Temporary book-tax differences that are initially favorable will
subsequently become unfavorable in future years when they reverse, and vice versa.
Let's now examine some of the many possible book-tax differences,
beginning with those that are permanent in nature.
First, federal income tax expense is deducted in the determination of book income.
You likely learned a lot about accounting for
income taxes in prior financial reporting courses.
However, Code Section 275 A1
disallows a deduction for federal income taxes for tax purposes.
As a result, federal income tax expense constitutes
a permanent and unfavorable book-tax difference that
must be added back to book income to determine taxable income.
Another very common permanent book-tax difference,
is the interest income from municipal bonds.
Municipal bond interest is included in book income as it is a source of realized income.
However, to incentivize investment in municipal bonds
which typically offer lower rates of return than other types of bonds,
Congress excludes municipal bond interest from taxable income.
This book-tax difference is favorable,
and that it is deducted from book income to determine taxable income.
Two other permanent differences include,
one-half of meals and entertainment expenses,
and any fines and penalties paid during the year.
Only 50 percent of qualified meals and entertainment expenses are deductible.

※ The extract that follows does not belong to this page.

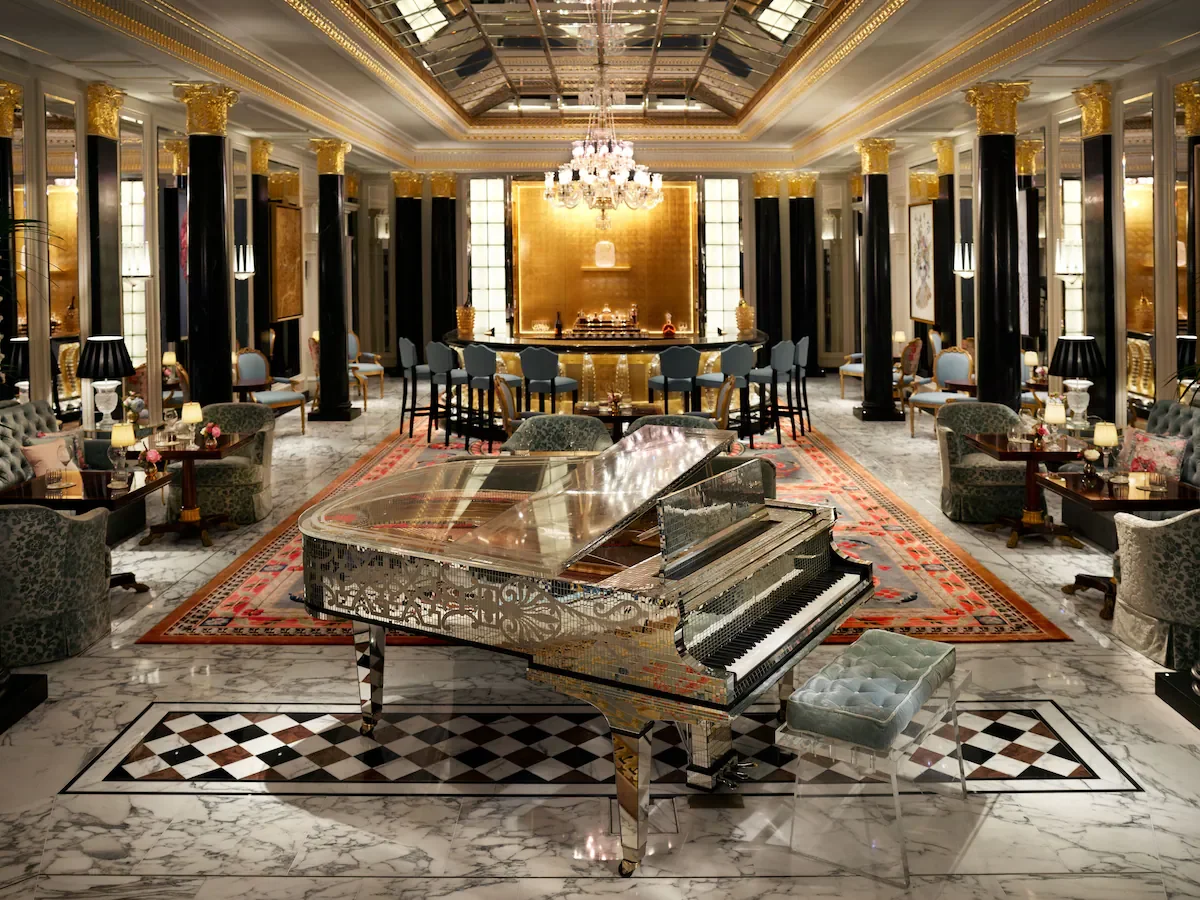 The Dorchester Hotel, Park Lane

Thus, the other 50 percent represents
an unfavorable difference that will never be deducted for tax purposes,
but is deducted for book purposes.
Similarly, because expenses incurred for violations of
public policy are not generally deductible for tax purposes,
they too are unfavorable permanent differences that
must be added back to book income to determine taxable income.

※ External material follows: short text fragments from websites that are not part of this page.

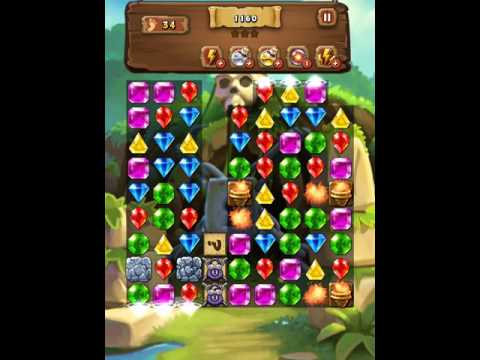 Lets Play Jewel Mash   Level 141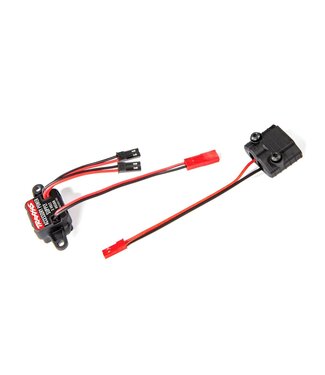 Traxxas Accessory Power Supply (Regulated 3V 3 amp) Power Tap Connector (with cable)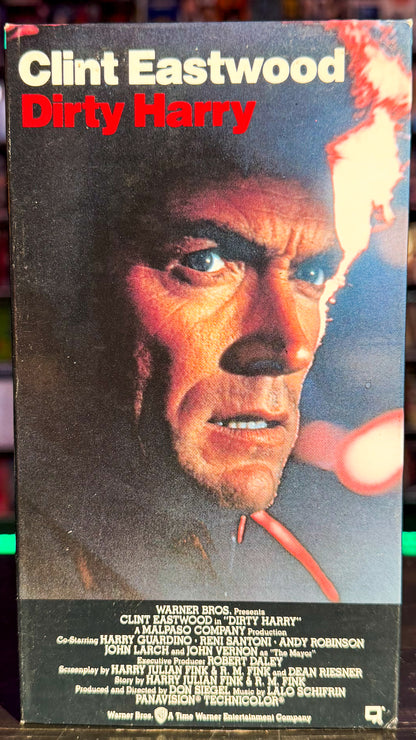 Dirty Harry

In terms of temporary book-tax differences,
depreciation expense is a prime example.
For tax purposes, taxpayers use
the Modified Accelerated Cost Recovery System
to depreciate fixed assets in a standardized manner.
Different methods or assumptions such as the useful life of an asset,
are often made for financial reporting purposes.
Thus, in a given year,
the book and tax depreciation expense can differ.

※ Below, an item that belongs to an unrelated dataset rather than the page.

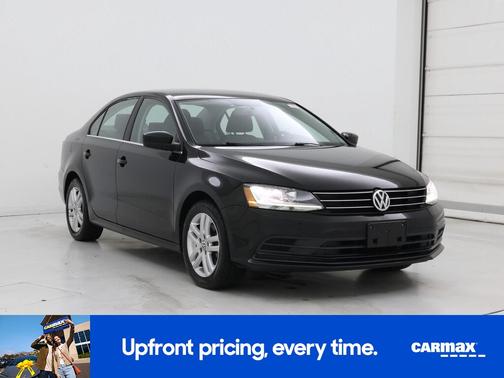 2017 Volkswagen Jetta S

But over the life of the asset,
these methods often catch up with one another by eventually depreciating
the asset in full making any annual differences temporary in nature.
As mentioned, there are many more examples of book-tax differences.
The key point is to know that these items help determine taxable income.
As a result, Schedule M-1 on the corporate tax return,
which is required for corporations with less than $10 million of assets,
reconciles net income for books with taxable income on the tax return.
The IRS uses this information for a variety of tax enforcement purposes.
Corporations with more than $10 million in assets compute Schedule M-3,
which is a far more expansive book-tax reconciliation than Schedule M-1.
Instead of 10 lines,
the M-3 includes 80 items over three pages.
It also requires taxpayers to allocate
book-tax differences into their permanent and temporary components.
To wrap up this discussion,
consider a simple example.
Assume that [inaudible] reports income for financial reporting purposes of $275,000.
Included in this amount, however,
are municipal bond interest income as well as
expenses incurred for federal income tax expense,
meals and entertainment, and regulatory fines.
Also assume that depreciation expense was $55,000
for book purposes and $60,000 for tax purposes.
To determine taxable income,
[inaudible] begins with book income,
and then makes adjustments for book-tax differences.
The municipal bond interest income that is included in book income is- let me start over.
To determine taxable income,
[inaudible] begins with book income,
and then makes adjustments for book-tax differences.
The municipal bond interest income that is included in book income,
is subtracted because it is not subject to taxation.
Federal tax expenses are non-deductible,
thus it is added back.
Only 50 percent of business meals are deductible,
therefore the other half is added back.
No fines or penalties are deductible,
thus they too are added back.
Finally, depreciation expense for tax purposes was
$5,000 higher than it was for book purposes,
this difference is subtracted from book income to arrive at taxable income of $322,000.